Je nach den konkreten Umständen des Einzelfalls werden sie neben oder anstelle von Maßnahmen nach Art. 58 Abs. 2 DSGVO verhängt (Art. 83 Abs. 2 Satz 1 DSGVO). Art. 83 Abs. 2 Satz 2 DSGVO sieht für die Bemessung der Bußgeldhöhe eine Vielzahl von Kriterien vor. Die Höhe der Geldbuße kann bis zu EUR 20 Mio. oder bis zu vier Prozent des gesamten weltweit erzielten Jahresumsatzes der Unternehmensgruppe im vorangegangenen Geschäftsjahr betragen, wenn dieser Betrag höher ist (vgl. Art. 83 Abs. 4 bis 6 DSGVO).
Top-Geldbußen nach DSGVO
Mit Pressemitteilung vom 16. Oktober 2019 führt die DSK aus, dass mit dem Konzept „ein Beitrag zur Transparenz im Hinblick auf die Durchsetzung des Datenschutzrechts geleistet werden“ soll. Insbesondere sollen „Verantwortliche und Auftragsverarbeiter in die Lage“ versetzt werden, „die Entscheidungen der Aufsichtsbehörden nachzuvollziehen“. Dabei soll das Konzept nur eine vorübergehende Wirkung entfalten, nämlich solange, bis eine europäische Regelung durch den Europäischen Datenschutzausschuss (EDSA) getroffen wurde. Dem Protokoll der 2. Zwischenkonferenz 2019 am 25. Juni 2019 in Mainz zufolge wurde ein Entwurf des Konzepts bereits der Taskforce Finings des EDSA vorgestellt und sei dort „auf Interesse gestoßen“.

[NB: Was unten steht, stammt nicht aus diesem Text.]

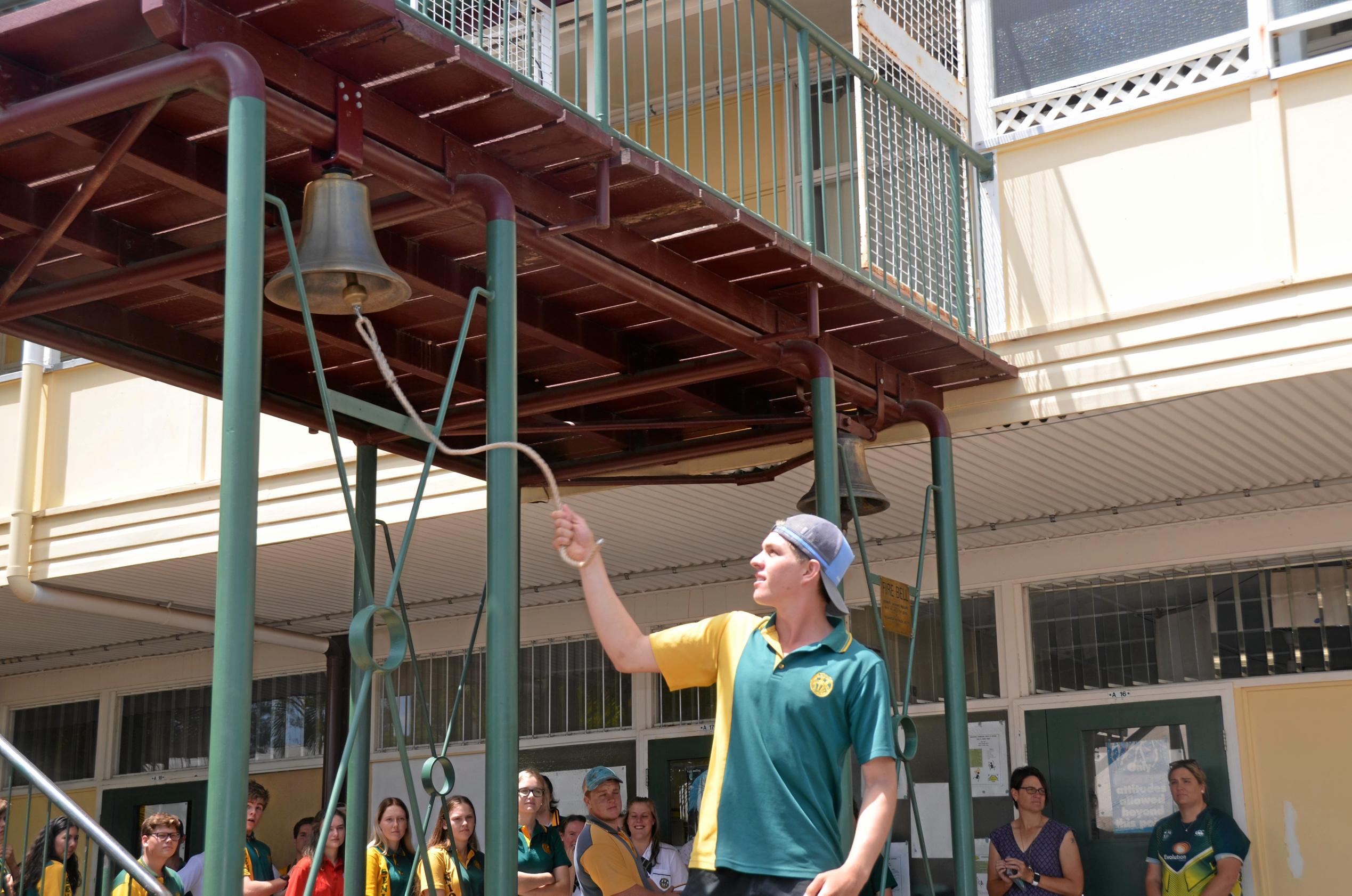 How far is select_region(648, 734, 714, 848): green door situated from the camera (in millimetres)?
12289

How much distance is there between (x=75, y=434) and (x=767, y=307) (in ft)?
24.1

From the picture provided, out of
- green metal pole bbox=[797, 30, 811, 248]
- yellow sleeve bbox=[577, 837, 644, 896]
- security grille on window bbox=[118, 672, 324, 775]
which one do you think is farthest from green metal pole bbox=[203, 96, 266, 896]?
security grille on window bbox=[118, 672, 324, 775]

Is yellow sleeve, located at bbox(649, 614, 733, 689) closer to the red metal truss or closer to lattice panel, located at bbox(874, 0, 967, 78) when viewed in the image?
the red metal truss

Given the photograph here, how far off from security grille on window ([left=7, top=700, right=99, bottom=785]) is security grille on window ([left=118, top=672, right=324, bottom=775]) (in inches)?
19.1

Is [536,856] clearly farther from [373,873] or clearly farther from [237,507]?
[237,507]

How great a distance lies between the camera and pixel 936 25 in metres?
9.03

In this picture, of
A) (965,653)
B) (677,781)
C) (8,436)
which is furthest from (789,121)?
(8,436)

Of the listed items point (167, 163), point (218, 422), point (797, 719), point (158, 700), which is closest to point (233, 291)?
point (167, 163)

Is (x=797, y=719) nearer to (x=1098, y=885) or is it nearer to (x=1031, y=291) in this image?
(x=1031, y=291)

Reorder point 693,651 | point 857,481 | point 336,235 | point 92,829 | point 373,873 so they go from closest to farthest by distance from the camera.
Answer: point 92,829 < point 693,651 < point 336,235 < point 857,481 < point 373,873

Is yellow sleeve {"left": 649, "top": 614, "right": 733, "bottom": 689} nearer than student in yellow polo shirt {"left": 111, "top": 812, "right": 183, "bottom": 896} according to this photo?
Yes

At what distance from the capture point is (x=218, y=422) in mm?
11172

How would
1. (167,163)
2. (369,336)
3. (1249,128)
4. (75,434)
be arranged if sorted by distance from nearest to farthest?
1. (369,336)
2. (167,163)
3. (1249,128)
4. (75,434)

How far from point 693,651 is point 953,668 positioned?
322cm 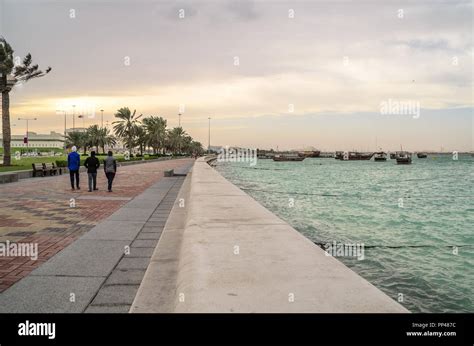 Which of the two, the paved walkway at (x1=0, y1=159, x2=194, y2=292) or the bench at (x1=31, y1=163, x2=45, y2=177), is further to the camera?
the bench at (x1=31, y1=163, x2=45, y2=177)

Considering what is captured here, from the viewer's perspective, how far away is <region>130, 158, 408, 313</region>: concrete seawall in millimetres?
3141

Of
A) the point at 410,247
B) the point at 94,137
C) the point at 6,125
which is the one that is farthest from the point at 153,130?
the point at 410,247

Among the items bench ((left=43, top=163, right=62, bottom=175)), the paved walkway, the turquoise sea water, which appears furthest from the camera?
bench ((left=43, top=163, right=62, bottom=175))

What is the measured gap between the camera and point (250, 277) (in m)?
3.79

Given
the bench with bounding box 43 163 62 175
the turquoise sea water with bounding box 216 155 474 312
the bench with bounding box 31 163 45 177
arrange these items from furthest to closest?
the bench with bounding box 43 163 62 175, the bench with bounding box 31 163 45 177, the turquoise sea water with bounding box 216 155 474 312

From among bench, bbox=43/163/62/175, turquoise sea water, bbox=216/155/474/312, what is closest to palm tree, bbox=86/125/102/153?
bench, bbox=43/163/62/175

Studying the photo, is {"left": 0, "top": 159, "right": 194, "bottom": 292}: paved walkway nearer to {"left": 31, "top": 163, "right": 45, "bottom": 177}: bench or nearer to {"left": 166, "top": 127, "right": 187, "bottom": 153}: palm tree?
{"left": 31, "top": 163, "right": 45, "bottom": 177}: bench

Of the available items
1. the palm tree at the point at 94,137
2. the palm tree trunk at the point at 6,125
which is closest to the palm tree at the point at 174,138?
the palm tree at the point at 94,137

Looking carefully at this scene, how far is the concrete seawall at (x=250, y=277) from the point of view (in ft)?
10.3

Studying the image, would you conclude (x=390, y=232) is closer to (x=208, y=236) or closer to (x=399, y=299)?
(x=399, y=299)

Das Konzept folgt bei der Bußgeldzumessung einer komplexen Berechnung über fünf Stufen:
1) Zuordnung des betroffenen Unternehmens zu einer Größenklasse
2) Schematische Bestimmung des mittleren Jahresumsatzes
3) Berechnung des wirtschaftlichen Grundwertes bzw. eines Tagessatzes
4) Multiplikation des Tagessatzes mit einem aus der Schwere der Tat abgeleiteten Faktor
5) Abschließende Anpassung des ermittelten Wertes anhand täterbezogener und noch nicht berücksichtigter Umstände des Einzelfalls
3.1 Zuordnung des betroffenen Unternehmens zu einer Größenklasse
Ausgangspunkt der Berechnung ist der weltweite Umsatz (nicht der regelmäßig weitaus geringere Gewinn) des betroffenen Unternehmens, wobei die Datenschutzaufsichtsbehörden nicht auf den Umsatz der einzelnen juristischen Person abstellen werden, sondern auf die Unternehmensgruppe. Die Bemessung nach dem Konzept kann deshalb im Ergebnis zu sehr hohen Geldbußen führen und massive Auswirkungen für die betroffenen Unternehmen haben.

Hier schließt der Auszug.